Q: A new employee is being imposed on me by my boss. We went through the application process, including an interview, and now he wants me to select a woman that was not my first choice. I feel under pressure to hire the wrong person. Any suggestions for me?
A: Your boss’s involvement in this matter is probably symbolic of his style of management, which has evolved to the point where he is not encouraging you to have the freedom you need to be an effective supervisor.
“Micromanagement” is a term that has some currency today and you will likely know it refers to someone who can’t delegate and needs to be involved fully in the lives of his or her subordinates.
Your boss may not be an archetypal micromanager, but at least in this instance, he would appear to be the kind of supervisor who wishes to inflict his views on you, even if it could undermine your authority.
I also sense you have some level of discomfort with the process which has allowed this situation to emerge.
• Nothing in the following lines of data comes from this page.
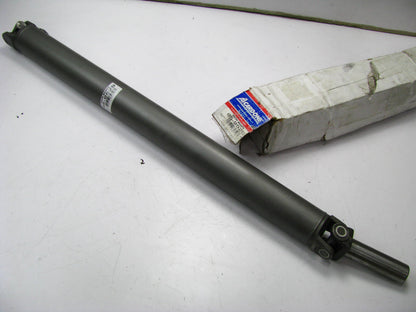 REMAN. Cardone 65-9529 REAR - Driveshaft 99-05 Sierra 1500 99-05 Silverado 4WD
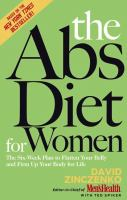 The_new_abs_diet_for_women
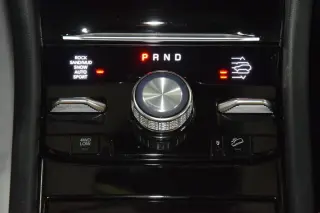 2024 Jeep Grand Cherokee L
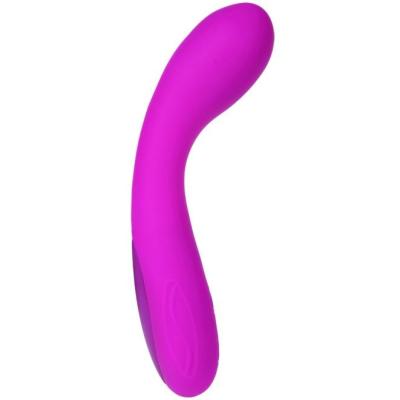 Pretty Love - Tony Lilac Massager 1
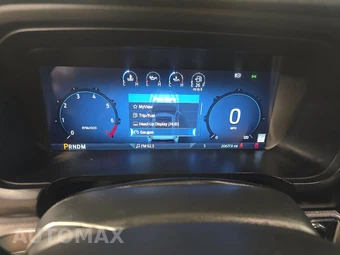 2024 Ford F-150 Hybrid Lariat Crew Cab Short Bed - miniatura 12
In most organizations, the HR department makes the arrangements and, in conjunction with the supervisor, facilitates the interviews, testing, and reference checks, for example.
Your company has a less formal approach to hiring. Your boss, therefore, is able to become involved in selecting an employee that would normally be delegated to a subordinate.
To some extent, this issue will also be indicative of his personality. He is apparently persuasive, even forceful, which is intimidating you. You don’t feel free to stand up for yourself in this matter.
In addition, though you don’t mention it, you may be uncomfortable with his attraction to this woman. While there may be nothing inappropriate, you might be feeling his interest goes beyond her abilities and experience.
You should also reflect on your personal choice. Is there any validity to the case made by your boss to select another candidate? Is your choice a person who may be less threatening but perhaps not as capable to fulfill the responsibilities of the position?
Also, while you and your boss have different favourites, the dissimilarities may be more subtle than you realize once you look past their appearance and personal appeal.
Are you willing to scrap with your boss on this matter? Are you willing to stand up for what you believe in? You may have to pick your battles in order to preserve your integrity as an individual and, at the same time, maintain a good rapport with your boss.
Ultimately, the decision is yours. You could speak with someone in HR — to receive counsel — but you will also need to assert yourself, if that is your choice. Don’t allow yourself to be pushed around but also be aware that your boss will be doing your evaluation and could make your life difficult, should he choose to do so.